The plaintiff has failed to persuade us that any public policy recognized by this court is violated by enforcement of the exclusion in Allstate's policy. The appellate court suggested that the exclusion should be declared invalid on public policy grounds so as to "encourag[e] consumers to purchase increased uninsured-motorist protection[] * * * [so that] when tragedy strikes, losses will be covered as much as possible." (267 Ill.App.3d at 227, 204 Ill. Dec. 640, 641 N.E.2d 1259.) This court has never suggested, however, that the policy underlying the uninsured-motorist statute is to encourage the purchase of maximum uninsured-motorist coverage. Rather, we have repeatedly stated that the purpose of the uninsured-motorist statute is to provide coverage which would compensate the insured to at least the same extent as he would have been if he had been injured by a motorist who had purchased the minimum insurance required by law. Hoglund v. State Farm Mutual Automobile Insurance Co. (1992), 148 Ill. 2d 272, 277, 170 Ill. Dec. 351, 592 N.E.2d 1031; Menke v. Country Mutual Insurance Co. (1980), 78 Ill. 2d 420, 36 Ill. Dec. 698, 401 N.E.2d 539; Putnam v. New Amsterdam Casualty Co. (1970), 48 Ill. 2d 71, 89, 269 N.E.2d 97; Glidden v. Farmers Automobile Insurance Association (1974), 57 Ill. 2d 330, 338, 312 N.E.2d 247.
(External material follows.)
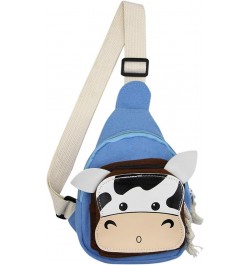 Sling Bags, Crossbody Chest Bag, Canvas Daily Sports Shoulder Bag for Women Lady, Cute Cow Ox Bull Bull, Blue $12.16 Satchels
Even if we were to concede that this court should construe insurance policies in a manner that encourages consumers to purchase the maximum amount of uninsured-motorist protection possible, we fail to see how invalidation of the exclusionary clause in Allstate's policy would advance such a goal. Here, when the plaintiff insured his motorcycle with Pekin, he voluntarily elected to purchase uninsured-motorist coverage with limits of only $20,000 per person/$40,000 per accident. If we hold that he is nevertheless entitled to recover an additional $80,000 in uninsured-motorist coverage under his Allstate policy, we will simply encourage consumers to purchase adequate uninsured-motorist protection for one automobile and minimal or no uninsured-motorist protection for all other automobiles. Invalidating the exclusionary clause in Allstate's policy would therefore discourage consumers from purchasing the maximum amount of uninsured-motorist coverage when insuring their automobiles.
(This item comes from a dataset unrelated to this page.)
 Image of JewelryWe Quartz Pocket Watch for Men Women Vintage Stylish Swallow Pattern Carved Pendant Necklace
Further, as Allstate points out, the relief the plaintiff seeks in this case is contrary to public policy considerations that this court has previously recognized. When the plaintiff insured his motorcycle with Pekin, he elected liability coverage with limits of $25,000 per person/$50,000 per accident. Thus, if the plaintiff was involved in an accident with his motorcycle in which he was at fault, only that amount of coverage would be available to injured third parties. The plaintiff is now attempting to recover more benefits for himself when injured by others than he elected to make available to third parties whom he injured. In Fuoss v. Auto Owners (Mutual) Insurance Co. (1987), 118 Ill. 2d 430, 435, 114 Ill. Dec. 113, 516 N.E.2d 268, this court was critical of such a strategy in a different context. In Fuoss, an insured claimed that he was entitled to recover underinsured-motorist coverage in an amount greater than the liability coverage limits he had purchased. This court stated that, to allow him to do so:

"would permit [the insured] to choose, after the fact, underinsurance coverage in an amount greater than he originally selected for bodily injury liability coverage with the result that [the insured] would be providing more protection for himself than he was originally willing to extend to the general public. Such an outcome would, as the appellate court said, be `repugnant to our system of justice.'" Fuoss, 118 Ill. 2d at 435, 114 Ill. Dec. 113, 516 N.E.2d 268, quoting Fuoss v. Auto Owners (Mutual) Insurance Co. (1986), 148 Ill.App.3d 526, 535, 101 Ill. Dec. 951, 499 N.E.2d 539.

For the reasons stated, we conclude that the exclusionary clause unambiguously prohibits the plaintiff from looking to the Allstate *1065 policy for uninsured-motorist coverage under the facts of the instant case. Because enforcement of the clause does not violate public policy in this case, the policy must be applied as written.

The judgment of the appellate court is reversed and the judgment of the circuit court is affirmed.

Appellate court reversed, circuit court affirmed.